Namely, is there a sensible way to conclude that \nabla^2 f(x) is semi-definite enough, as related to \epsilon?
Below is a control flow sketch (assume hess(x) computes the dense Hessian matrix at x, by forward-mode AD)
function is_second_order_optimal(hess, x, eps)
H = hess(x)
# is it symmetric enough?
norm(H - H')/norm(H) > eps && return false
m = minimum(eigvals(H))
# second-order condition check: (is it pos semi-definite?)
m >= 0 && return true
# The statement under question:
abs(m) >= eps && return true # I pulled out of thin air...
# ...could see it also depending upon the dim(H) and machine epsilon.
end
I also realize that using AD to compute the Hessian may make this harder.
One possibility to check, and that may occur based on a sparse coupling between variables within constraints, is that the Hessian is diagonally dominant.

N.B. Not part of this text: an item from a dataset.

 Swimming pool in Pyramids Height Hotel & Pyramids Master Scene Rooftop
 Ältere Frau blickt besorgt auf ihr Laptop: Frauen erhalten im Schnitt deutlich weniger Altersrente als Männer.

Then the verification of a semidefinite condition can be done relatively cheaply by comparing the sizes of the matrix elements (compared to eigenvalue computation). There may even be scope to re-use calculation when checking symmetry of the matrix.
A quick comment based on Karush–Kuhn–Tucker conditions - Wikipedia
The sufficient second-order condition states that the Hessian should be SPD on the nullspace of the Jacobian of the active constraints. That is, it is a weaker condition than SPD in the whole space.